Larry Zicklin facilitates corporate tax law discussion in virtual panel
October 22, 2022
Baruch College alumnus and business school namesake Larry Zicklin hosted a virtual panel on Oct. 11 to discuss how corporate tax law is and should be interpreted in the United States.
As part of his “Zicklin Talks Business” webinar series, Zicklin was joined by accounting professor Michael Meisler and law professor Daniel Halperin as panelists.
The discussion began with Zicklin posing a few questions. They include: Do corporations have an obligation to pay the amount that was intended by lawmakers? Do they only have an obligation to their shareholders? In the case of the latter, are they thus required to avoid as many taxes as possible?
Halperin argued that the state of current tax laws encouraged most corporations to try to cheat the system, despite the increased risk of audit from the Inflation Reduction Act.
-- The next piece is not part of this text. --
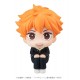 Estatua de PVC de Shoyo Hinata de Haikyu!! 11 cm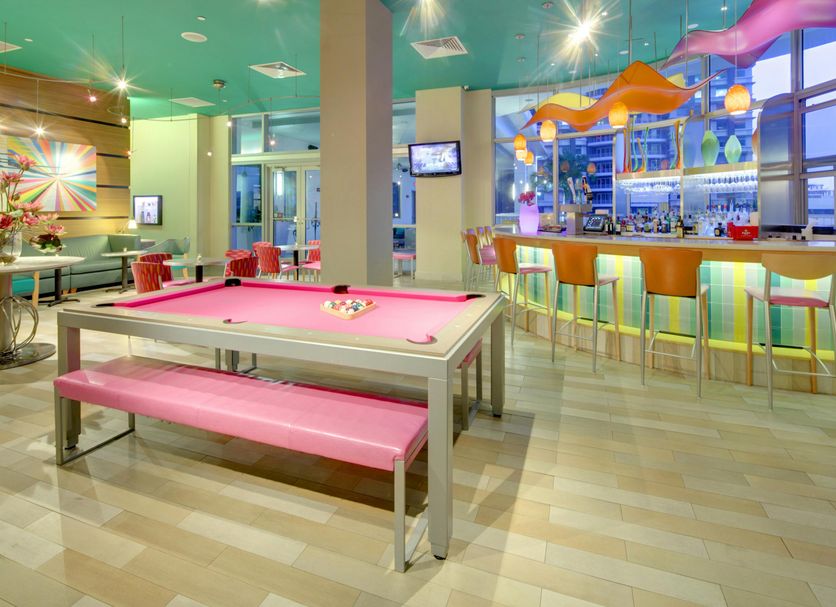 Bar Photo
“The law should require people to determine reasonable basis by looking at the spirit of the law,” Halperin said, adding that corporations would rather do that than focus solely on the technical wording.
Meisler argued that the situation was more nuanced. He said that corporations have an obligation to save money through any possible way and that a law’s “intent” is not always clear.
“The taxpayer has an obligation to pay their fair share, but not more than that and what’s fair is in the eye of the beholder,” Meisler said.
Both panelists agreed that looking through legislative history was important to analyze a law’s intent, even if they are dated in regard to the technological advances that have emerged.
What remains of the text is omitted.